А вон и старейший из мастеров, всегда бодрый старик с мудрыми голубыми глазами и седой бородкой – Иван Михайлович Баканов. Он, конечно, не пьет, а только разделяет компанию. Да и присел-то он тут, наверно, на минутку, по пути с гумна или из сарая. Он лучше других знает, где начинается и где кончается искусство. Каждая вещь его безукоризненно завершена и спокойно мудра, как ее творец. Он не гонится за красочными эффектами, он не гордится изысканной линией, но зато умеет класть краски такими прозрачными слоями, в таких гармонических пропорциях, что созерцатель, всмотревшись в его работу, познает действительно новый и прекрасный мир.
А вот и мировой любимец, дерзновенный фантазер и художник-бунтарь Иван Иваныч Голиков. У него впалые щеки, редкие черные усы и глаза пронзительно-острые. По костюму он имеет вид городского пролетария: черные брюки и пиджак давно требуют себе замены. Безмерно тяжела его жизнь и единственное спасенье для него – водка. Зато как он умеет работать! Он единственный из всех отдался своему ремеслу без остатка: он бросил крестьянство и от зари до зари склоняется над миниатюрами. Пусть на его шее виснут шестеро мальцев – он знает мучительную радость творчества! Глаз его точен в любых масштабах: от микроскопических завитушек на шароварах Стеньки Разина [«Стенька Разин» – излюбленный мотив палехских кустарей], который и сам-то величиной с комара, до грандиозных декораций в нардоме. Его миниатюры, или, как он называет их, предметы, являются красочным отражением его характера – беспокойно-могучего, нервного и трудолюбивого. Голиков умеет сталкивать множество яростных красок в одну немыслимую цветовую симфонию. Каждая сусальная линия, положенная им на папье-маше, как музыкальный аккорд, – самоценно-значительна. И он никогда не копирует, а только творит: любую сказку, любую песню он истолкует по-своему. «Милый! – хочется закричать мне ему, – сколько предметов твоих гуляет по миру! Что дороже тебе: эта мировая слава или рюмка сорокаградусной?»

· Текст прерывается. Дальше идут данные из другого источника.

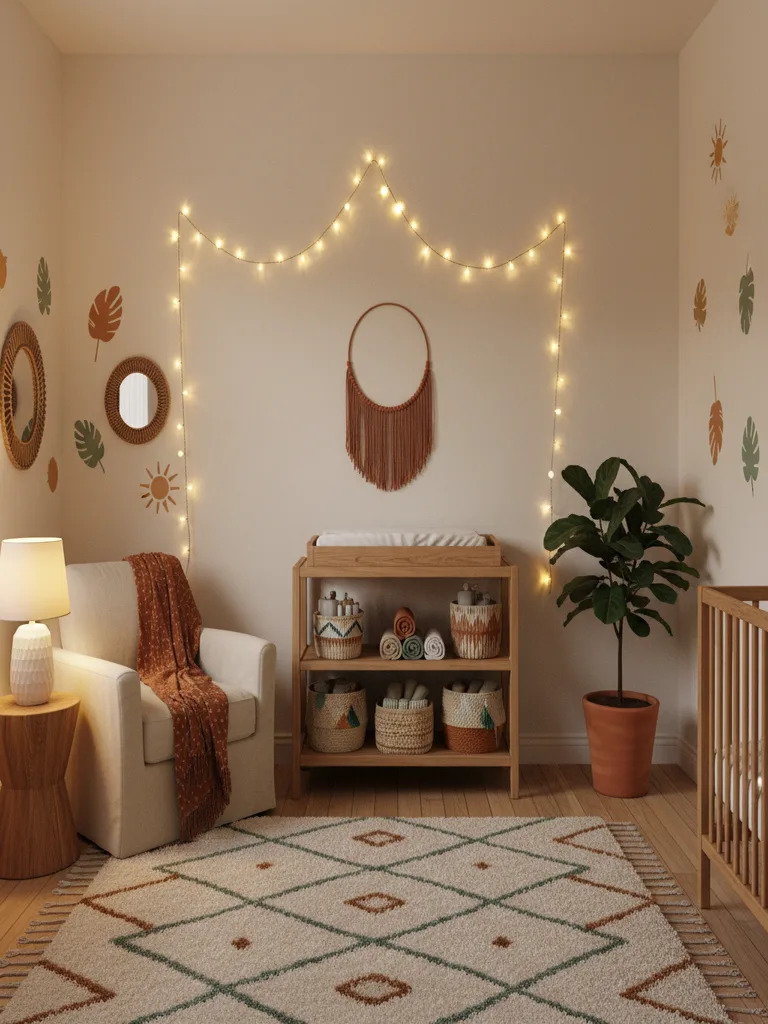 Cozy nursery with soft string lights draped across ceiling creating warm glow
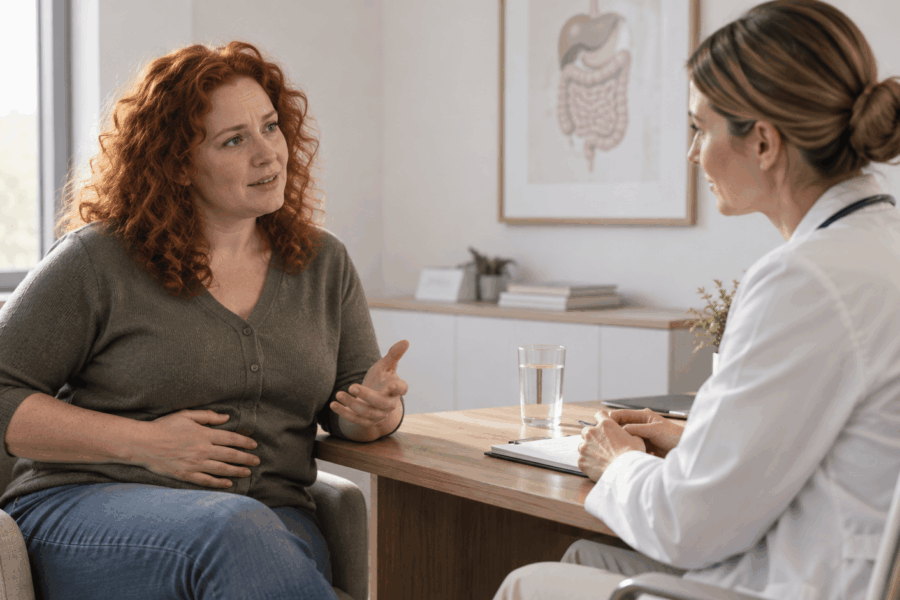 Patient with red curly hair in a doctor's consultation about IBS and abdominal complaints in a modern practice.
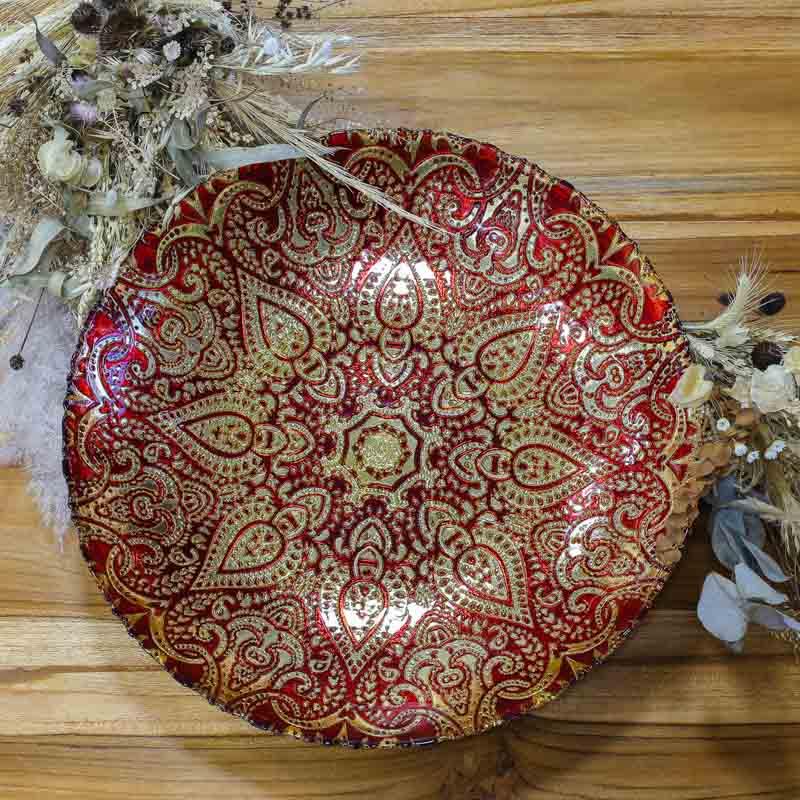 prato decorativo turco fruteira vidro turquia turca artesanatos decorativos bandeja mandala decoracoes casa home cozinha sala de estar artesintonia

Я сижу, раздумывая об этих чудаковатых тружениках, о дипломах, полученных ими на заграничных выставках, о золотой медали «Grand prix», хранящейся в их мастерской. Их лукавый талант преобразил мужика в эстетическую условность. Каждый из них знает цену себе. В жизни они скромны, но в искусстве затейливы. Они не разговорчивы, но сколько бы могли они рассказать! Знают они любой монастырь страны, вдоль и поперек исколесили они страну. И, пройдя сквозь уничтожающее пламя революции, они вынесли в мир исподнюю правду своего ремесла и ремесло вознесли до искусства.
Не все, конечно, сохранили в себе любовь к ремеслу. О, далеко не все! Только немногие – всего пятнадцать-двадцать человек теперешних артельщиков – остались верны краскам и кисти. Эти немногие поняли, что в зеркально-черном папье-маше дышит искусство, освобожденное революцией из плена церковной мертвенности. И эти немногие – уже последняя, да, последняя и невозвратимая песня Палеха, последний вскрик рублевских поколений!